Note 2 to entry: A “pulse emission” is an emission at one point in time.
[SOURCE: ISO 14067:2018, 3.1.2.4]
3.1.12
greenhouse gas emission
GHG emission
release of a greenhouse gas (3.1.9) into the atmosphere
[SOURCE: ISO 14067:2018, 3.1.2.5]
3.1.13
greenhouse gas emission factor
GHG emission factor
coefficient relating activity data with the greenhouse gas emission (3.1.3)
[SOURCE: ISO 14067:2018, 3.1.2.7]
3.1.14
capital goods emission
CAPEX emission
GHG emissions (3.1.12) related to the manufacturing of capital goods
3.1.15
subdivision
virtual subdivision
decomposition of a unit process into physically or virtually distinguishable sub-process steps with the
possibility to collect data exclusively for those sub-processes
3.1.16
hydrogen
gas mainly composed of hydrogen molecules.
Note 1 to entry: hydrogen molecule is referred as H .
3.1.17
physical relationship
relation between co-products (3.2.4) based on a chosen physical characteristic (e.g., mass, energy content,
volume).
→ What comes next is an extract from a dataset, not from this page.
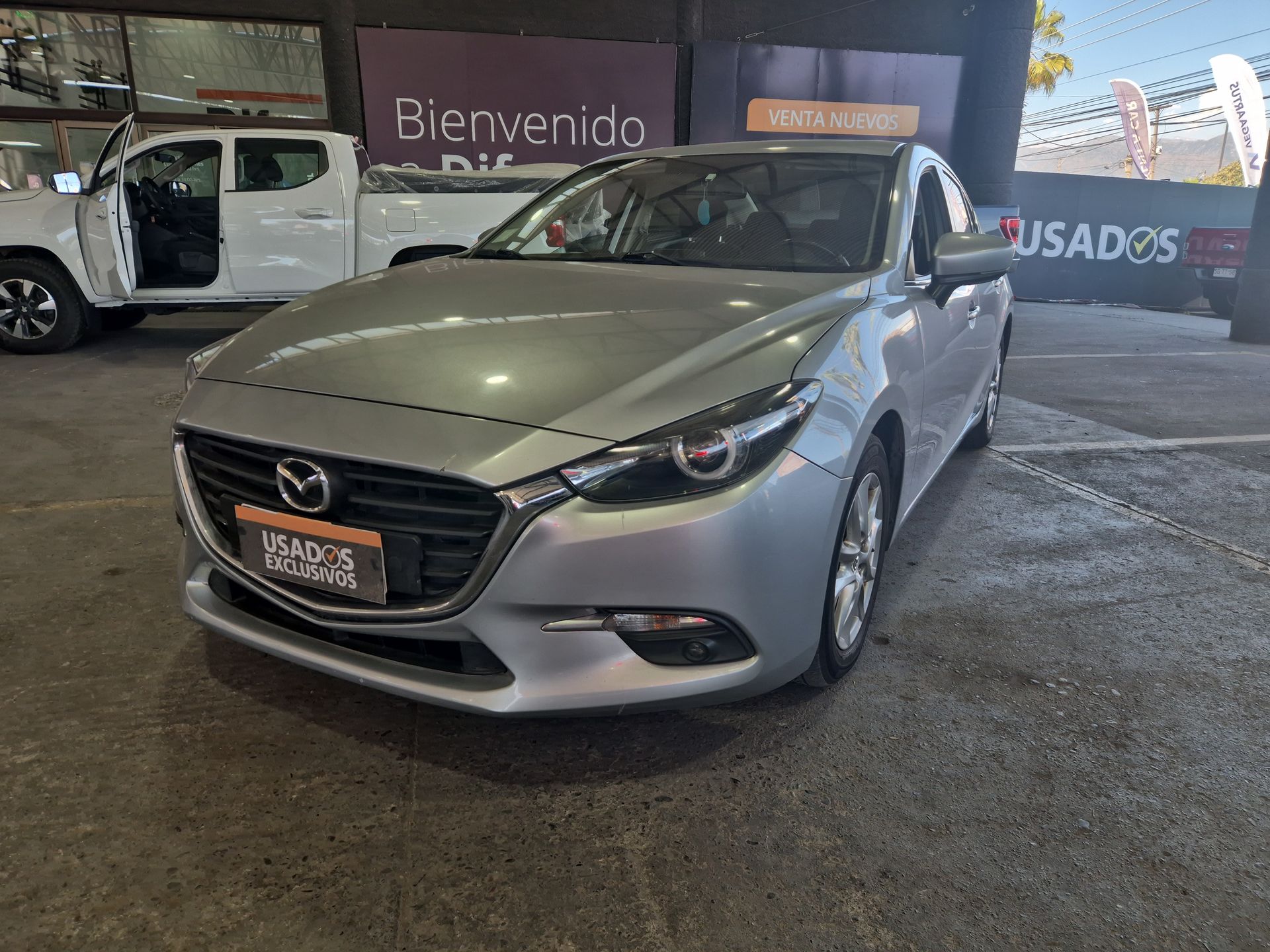 MAZDA | 3 |  AÑO 2019 | AT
A physical relationship can be used (1) to allocate input flows to co-products (3.2.4) based on the
specific function the inputs perform in relation to the individual co-products (3.2.4) and/or (2) to allocate
GHG emissions (3.1.12) to the individual co-products (3.2.4)
3.2 Products, product systems and processes
3.2.1
product
any goods or service
Note 1 to entry: The product can be categorized as follows:
— services (e.g. transport);
— software (e.g. computer program, dictionary);

ISO/DIS 19870-1:2025(en)
— hardware (e.g. engine mechanical part);
— processed materials (e.g. lubricant).
[SOURCE: ISO 14040:2006, 3.9]
3.2.2
product flow
products (3.2.1) entering from or leaving to another product system (3.2.3)
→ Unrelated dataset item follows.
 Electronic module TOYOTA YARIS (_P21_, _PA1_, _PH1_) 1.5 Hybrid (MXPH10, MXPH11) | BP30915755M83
[SOURCE: ISO 14040:2006, 3.27]
3.2.3
product system
collection of unit processes with elementary flows (3.2.16) and product flows (3.2.2), performing one or more
defined functions and which models the life cycle (3.4.4) of a product (3.2.1)
[SOURCE: ISO 14044:2006, 3.28]
3.2.4
co-product
one of two or more products (3.2.1) coming from the same unit process or product system (3.2.3) that is not
considered waste (3.3.15)
[SOURCE: modified from ISO 14040:2006, 3.10]
3.2.5
conditioning
means changing the physical conditions (e.g. temperature, pressure) of hydrogen for the purpose of its
storage or transport
Note 1 to entry: In this document, examples are changing the pressure of gaseous hydrogen or liquefying gaseous
hydrogen.
3.2.6
conversion
means changing the chemical conditions of a chemical species
3.2.7
heating value
amount of energy released when a fuel is burned completely
Note 1 to entry: Care must be taken not to confuse higher heating values (HHVs) and lower heating values (LHVs).
3.2.8
input
product (3.2.1), material or energy flow (3.2.17) that enters a unit process
Note 1 to entry: Products (3.2.1) and materials include raw materials, intermediate products (3.2.9) and co-products
(3.2.4).
[SOURCE: ISO 14040:2006, 3.21]
3.2.9
intermediate product
output from a unit process that is input to other unit processes that requires further transformation within
the system
[SOURCE: ISO 14040:2006, 3.23]

ISO/DIS 19870-1:2025(en)
3.2.10
output
product (3.2.1), material or energy flow (3.2.17) that leaves a unit process (3.2.13)
Note 1 to entry: Products (3.2.1), and materials include raw materials, intermediate products (3.2.9), co-products (3.2.4)
and releases (3.4.11) .
[SOURCE: ISO 14040:2006, 3.25]
3.2.11
system boundary
boundary based on a set of criteria representing which unit processes (3.2.13) are a part of the system
under study
[SOURCE: ISO 14040:2006/AMD 1:2020, 3.32]
3.2.12
system expansion
concept of expanding the product system (3.2.3) to include additional functions related to the co-products (3.2.4)
Note 1 to entry: The product system (3.2.3) that is substituted by the co-product (3.2.4) is integrated in the product
system (3.2.3) under study. In practice, the co-products (3.2.4) are compared to other substitutable products, and the
environmental burdens associated with the substituted product(s) are subtracted from the product system (3.2.3)
under study. The identification of this substituted system is done in the same way as the identification of the upstream
system for intermediate product (3.2.9) inputs (3.2.8). See also ISO/TR 14049:2012, 6.4
Note 2 to entry: The application of system expansion (3.2.12) involves an understanding of the market for the co-
products (3.2.4). Decisions about system expansion (3.2.12) can be improved through understanding the way co-
products (3.2.4) compete with other products, as well as the effects of any product substitution upon production
practices in the industries impacted by the co-products (3.2.4).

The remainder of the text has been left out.